A vulnerability in the web based management interface of Cisco ISE could allow an authenticated, remote attacker to bypass security restrictions within the web based management interface.

This vulnerability is due to improper access control on a feature within the web based management interface of the affected system. An attacker could exploit this vulnerability by accessing features through direct requests, thus bypassing checks within the application. A successful exploit could allow the attacker to take privileged actions within the web based management interface that should be otherwise restricted.
In contrast to Cisco’s vector, where confidentiality is set to None, we believe it should be considered on Low, since an authenticated, remote attacker is able to perform downloads of files generated by the function, leading to the disclosure of information that he or she should not be able to access.

Owasp Category

A01 – Broken Access Control – The access control of an application is responsible for managing the permissions on the data that a user can access, or operations that a user can perform.
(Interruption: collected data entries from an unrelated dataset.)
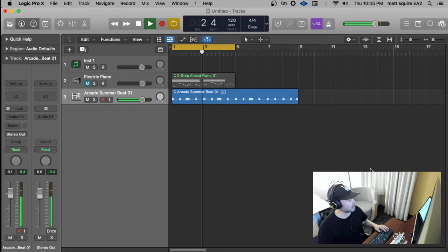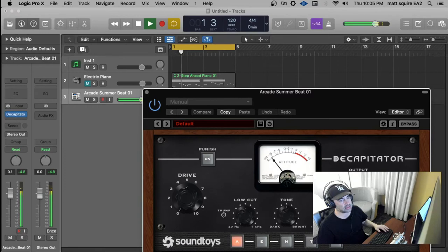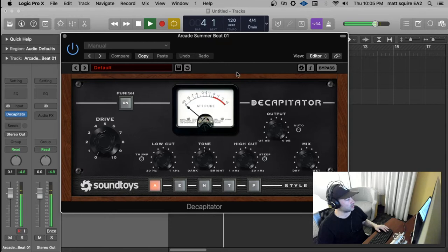Just want to do a quick shot here on the Soundtoys Decapitator plug-in. It's a classic, and it looks cool. You can kind of heat stuff up. This is just like a Logic loop or whatever.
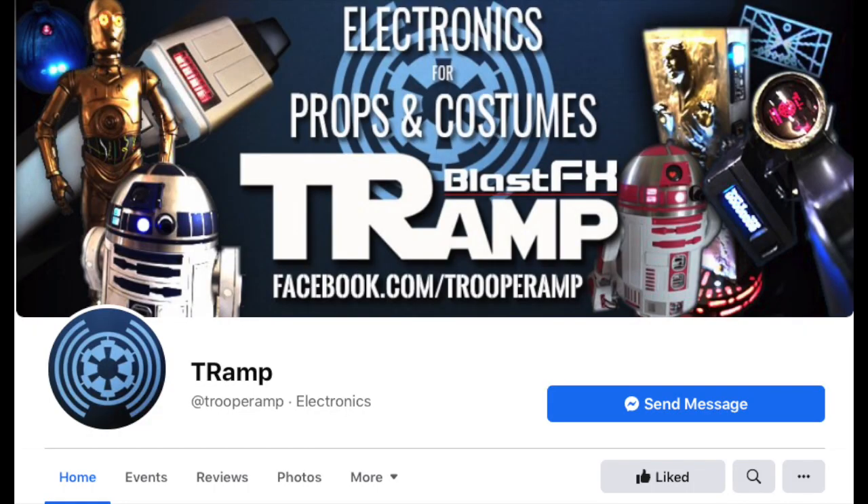Hey, what's going on guys, this is Nerf Herder. Your boy got something that took a while to do and I had a lot of fun playing with it. If you guys know Kyberphonic Fonts, aka Kyberdaddy, good friend of mine Jesse has a TrooperAmp blaster, and he sent it to me to kind of touch it up.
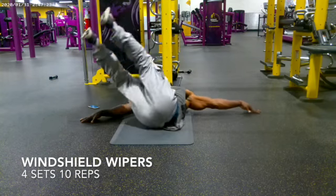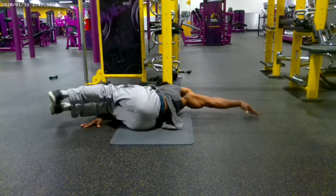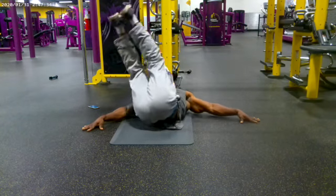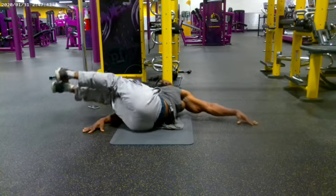This is me performing four sets of 10 reps of windshield wipers. And as you can probably see, they're called windshield wipers because of the leg movements — like a windshield wiper going across the windshield of a car. This is a good exercise for your obliques, but primarily your obliques.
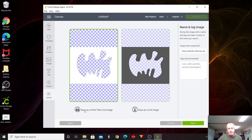Now it gives you two choices: save as a print then cut image, or save as a cut image. I don't need to print this, so I'm going to save it as just a cut image. This shows what the template material will look like and what it's going to cut out. With that, we'll hit save.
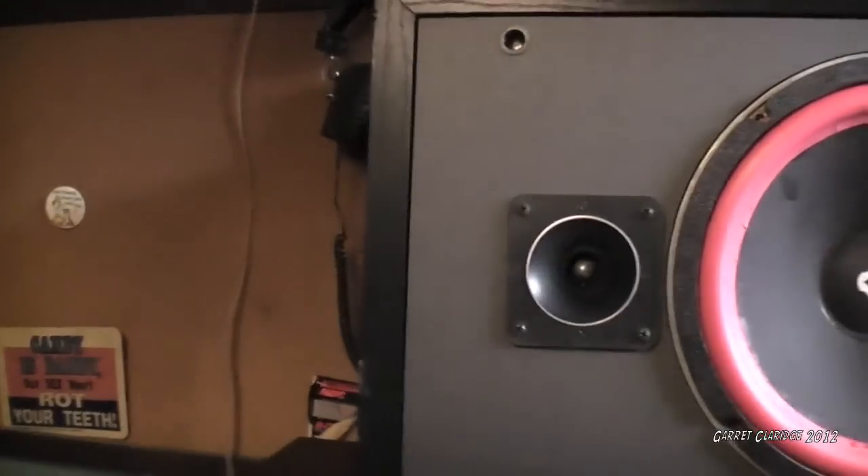Hey everybody, Garrett Claridge here. Here's one of my party speakers that has somehow survived. You can see they're a little foam rotted — just a slight case of foam rot.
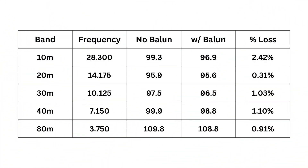Now the part you've all been waiting patiently for. Here you can see the column on the left going down is the band, to the right of that is the frequency, then the power into the SWR meter with no balun, and then with balun, and then the difference in the loss column. Our highest loss was at 10 meters at 2.42%, which is about a tenth of a dB. Then we were 0.31% at 20 meters, 1.03% at 30 meters, 1.1% at 40 meters, and 0.91% at 80 meters.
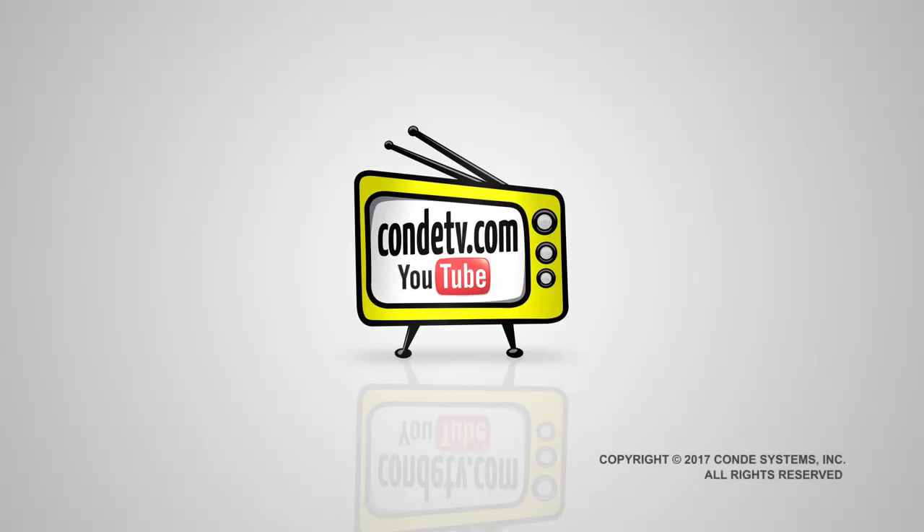For more tips, products, and services, visit condi.com, and for more of my videos make sure you check out conditv.com. I'm Tori and thank you for watching — I'll see you next time!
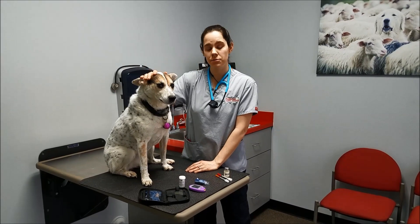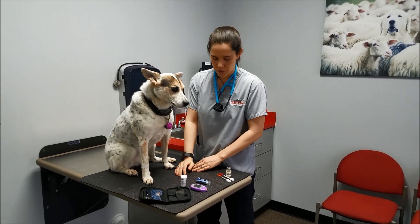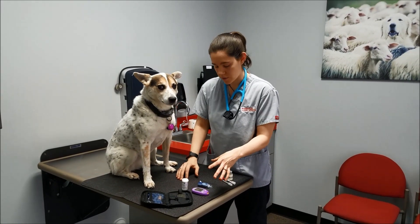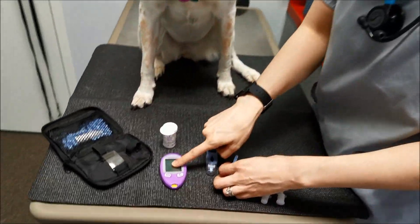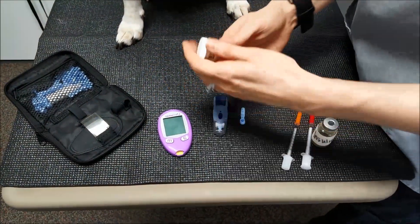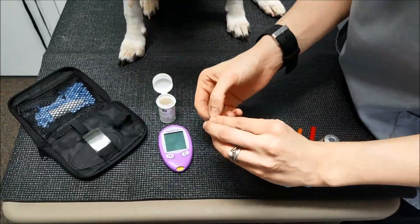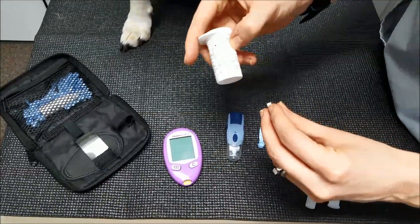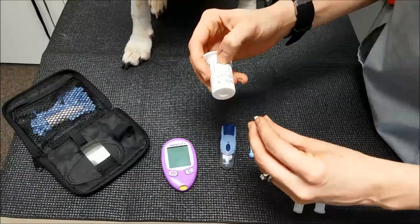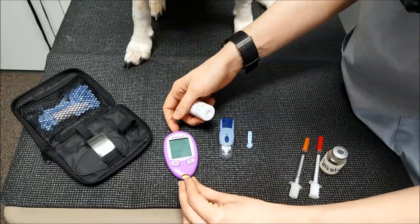We have Bandit here, and we're going to be doing a blood glucose level for her. We have all of our utensils out: we have our Lancet, we have our Alpha Track Glucometer, and we have our test strips. You want to make sure the test strip is set to the right number, because if it's not set to the right reading number, it's not going to be an accurate reading. So you want to make sure it's either on dog or cat, depending which pet you have.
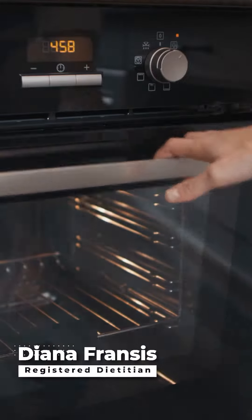Here's how to make this super easy and super delicious recipe. First, preheat the oven to 400 degrees.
The Broken Access Control vulnerability leads to unauthorized disclosure of information, modification/deletion of data, or execution of a function outside the user’s operational limits.Through these vulnerabilities it is possible:

  • Access potentially sensitive information intended for another user.
  • Modify data related to another user, manipulating parameters that refer to IDs or usernames.
  • Delete files outside of one’s competence, both intended for other users and outside the application context.

Proof of Concept

There is a flaw in the implementation of the Utility TCP Dump access policy:
It was discovered that it is possible for users whose role has not been granted the “TCP Dump” functionality to interact with it and secondarily exploit the vulnerabilities present.
In the figure below you can see on the left the evidence of the administrative user’s Diagnostic Tools functionality, while on the right you can see the administrator’s panel for the user: admin2 belonging to the Customization Admin group.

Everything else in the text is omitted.